Le seul être au monde, ce petit garçon, pour lequel je ne fusse pas un épouvantail. Quelquefois, je descendais avec lui jusqu’à la rivière lorsqu’il péchait à la ligne. Cet être toujours courant et bondissant pouvait demeurer, des heures, immobile, attentif, changé en saule, — et son bras avait des mouvements aussi lents et silencieux que ceux d’une branche. Geneviève avait raison de dire que ce ne serait pas un « littéraire ». Il ne se dérangeait jamais pour voir le clair de lune sur la terrasse. Il n’avait pas le sentiment de la nature parce qu’il était la nature même, confondu en elle, une de ses forces, une source vive entre les sources.

Je pensais à tous les éléments dramatiques de cette jeune vie : sa mère morte, ce père dont il ne fallait pas parler chez nous, l’internat, l’abandon. Il m’en aurait fallu bien moins pour que je déborde d’amertume et de haine. Mais la joie jaillissait de lui. Tout le monde l’aimait. Que cela me paraissait étrange, à moi que tout le monde haïssait ! Tout le monde l’aimait, même moi. Il souriait à tout le monde, et aussi à moi ; mais pas plus qu’aux autres.

Chez cet être tout instinct, ce qui me frappa davantage, à mesure qu’il grandissait, ce fut sa pureté, cette ignorance du mal, cette indifférence. Nos enfants étaient de bons enfants, je le veux bien. Hubert a eu une jeunesse modèle, comme tu dis. De ce côté-là, je reconnais que ton éducation a porté ses fruits. Si Luc avait eu le temps de devenir un homme, eût-il été de tout repos ? La pureté, chez lui, ne semblait acquise ni consciente : c’était la limpidité de l’eau dans les cailloux.

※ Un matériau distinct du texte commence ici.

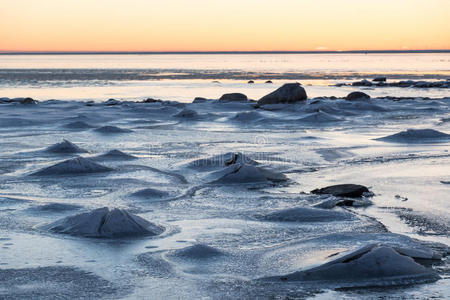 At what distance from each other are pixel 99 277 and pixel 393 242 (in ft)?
6.81

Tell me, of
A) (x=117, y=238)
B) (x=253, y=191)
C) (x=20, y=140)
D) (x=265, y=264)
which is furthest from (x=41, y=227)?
(x=20, y=140)

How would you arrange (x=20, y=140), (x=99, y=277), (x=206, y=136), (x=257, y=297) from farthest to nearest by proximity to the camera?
(x=206, y=136)
(x=20, y=140)
(x=99, y=277)
(x=257, y=297)

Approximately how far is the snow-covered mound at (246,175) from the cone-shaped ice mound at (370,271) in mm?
3218

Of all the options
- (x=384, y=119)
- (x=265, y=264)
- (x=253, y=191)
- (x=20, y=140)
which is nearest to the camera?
(x=265, y=264)

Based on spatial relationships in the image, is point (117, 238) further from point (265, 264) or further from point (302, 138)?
point (302, 138)

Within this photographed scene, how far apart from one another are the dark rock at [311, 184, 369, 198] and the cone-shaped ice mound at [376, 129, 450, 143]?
472 cm

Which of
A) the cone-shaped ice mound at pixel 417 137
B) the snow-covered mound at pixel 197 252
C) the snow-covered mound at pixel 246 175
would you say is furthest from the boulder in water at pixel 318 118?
the snow-covered mound at pixel 197 252

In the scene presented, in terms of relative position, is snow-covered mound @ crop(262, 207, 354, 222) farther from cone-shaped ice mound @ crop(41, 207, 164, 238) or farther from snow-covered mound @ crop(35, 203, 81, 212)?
snow-covered mound @ crop(35, 203, 81, 212)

Elle brillait sur lui, comme la rosée dans l’herbe. Si je m’y arrête, c’est qu’elle eut en moi un retentissement profond. Tes principes étalés, tes allusions, tes airs dégoûtés, ta bouche pincée n’auraient pu me donner le sens du mal, qui m’a été rendu, à mon insu, par cet enfant ; je ne m’en suis avisé que longtemps après. Si l’humanité porte au flanc, comme tu l’imagines, une blessure originelle, aucun œil humain ne l’aurait discernée chez Luc : il sortait des mains du potier, intact et d’une parfaite grâce. Mais moi, je sentais auprès de lui ma difformité.